Thank you so much for your attention Michal,
Are there any settings (such as sysctl parameters) that I can use to better control the memory reclaiming? Such as: defining the max. amount of mmap pages allocated or max. amount of memory used by mmap pages?
Or will the system start reclaiming only when it needs more memory?
I found that I could use madvise with MADV_DONTNEED in order to actively free RSS memory used by mmap pages, but it would add more complexity on my software.

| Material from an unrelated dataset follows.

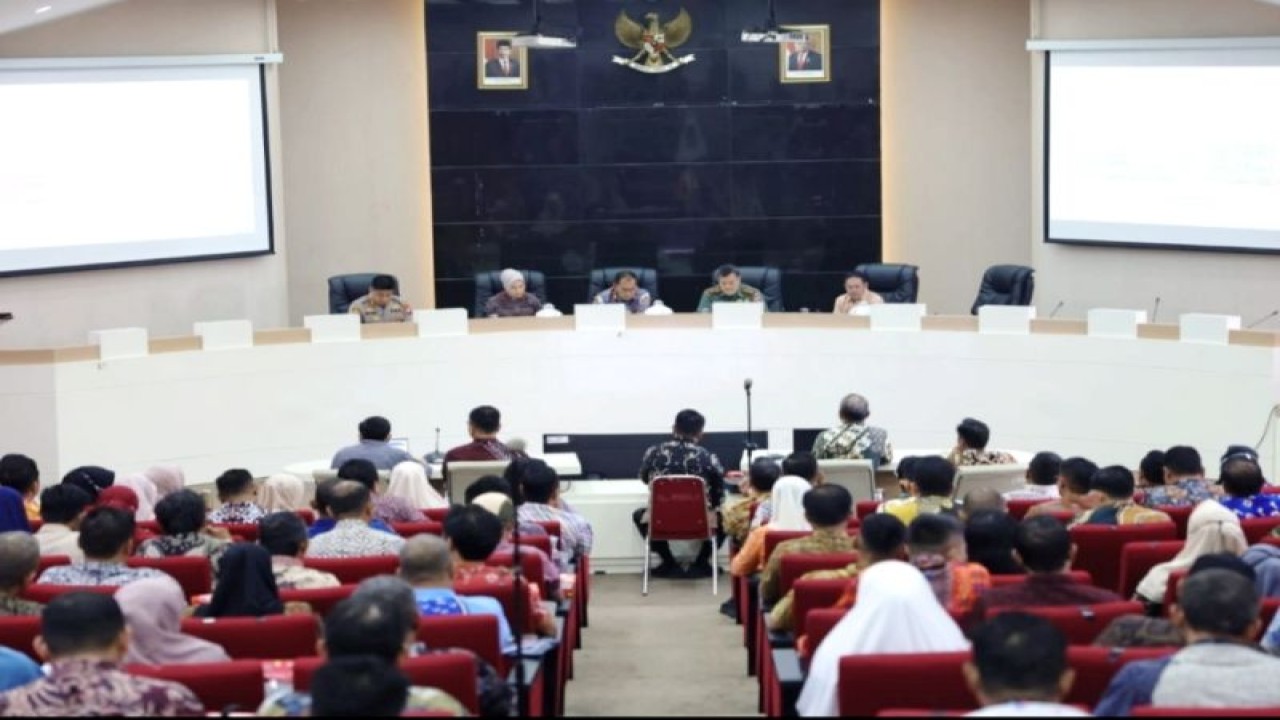Suasana rapat pengendalian inflasi daerah tahun 2023 di kantor Balai Kota Makassar, Sulawesi Selatan, Kamis (26/1/2023). ANTARA/HO/Dokumentasi Humas Pemkot Makassar.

On Wed, Jun 6, 2018 at 9:43 AM Michal Hocko <mhocko@xxxxxxxxxx> wrote:
On Tue 05-06-18 16:14:02, Rafael Telles wrote:
> Hi there, I am running a program where I need to map hundreds of thousands
> of files and each file has several kilobytes (min. of 4kb per file). The
> program calls mmap() for every 4096 bytes on each file, ending up with
> millions of memory mapped pages, so I have ceil(N/4096) pages for each
> file, where N is the file size.
>
> As the program runs, more files are created and the older files get bigger,
> then I need to remap those pages, so it's always adding more pages.
>
> I am concerned about when and how Linux is going to swap out pages in order
> to get more memory, the program seems to only increase memory usage overall
> and I am afraid it runs out of memory.
We definitely do reclaim mmaped memory - be it a page cache or anonymous
memory. The code doing that is mostly in shrink_page_list (resp.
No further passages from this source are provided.